§ **PROBLEM STATEMENT**:
Give back the full set of entries exactly, keeping each line intact.

§ **Source records**:

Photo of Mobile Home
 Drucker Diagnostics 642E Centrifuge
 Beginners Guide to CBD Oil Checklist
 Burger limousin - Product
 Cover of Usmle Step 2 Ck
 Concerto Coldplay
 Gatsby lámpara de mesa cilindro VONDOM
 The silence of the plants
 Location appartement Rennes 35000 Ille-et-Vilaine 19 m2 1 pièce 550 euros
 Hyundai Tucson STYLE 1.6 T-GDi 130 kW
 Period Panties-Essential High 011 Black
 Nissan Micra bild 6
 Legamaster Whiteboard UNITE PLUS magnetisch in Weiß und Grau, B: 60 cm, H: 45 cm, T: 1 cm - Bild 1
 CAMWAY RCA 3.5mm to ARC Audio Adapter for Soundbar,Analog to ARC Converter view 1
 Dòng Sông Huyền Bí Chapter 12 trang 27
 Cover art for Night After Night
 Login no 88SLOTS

§ **TASK OUTPUT**:
Photo of Mobile Home
 Drucker Diagnostics 642E Centrifuge
 Beginners Guide to CBD Oil Checklist
 Burger limousin - Product
 Cover of Usmle Step 2 Ck
 Concerto Coldplay
 Gatsby lámpara de mesa cilindro VONDOM
 The silence of the plants
 Location appartement Rennes 35000 Ille-et-Vilaine 19 m2 1 pièce 550 euros
 Hyundai Tucson STYLE 1.6 T-GDi 130 kW
 Period Panties-Essential High 011 Black
 Nissan Micra bild 6
 Legamaster Whiteboard UNITE PLUS magnetisch in Weiß und Grau, B: 60 cm, H: 45 cm, T: 1 cm - Bild 1
 CAMWAY RCA 3.5mm to ARC Audio Adapter for Soundbar,Analog to ARC Converter view 1
 Dòng Sông Huyền Bí Chapter 12 trang 27
 Cover art for Night After Night
 Login no 88SLOTS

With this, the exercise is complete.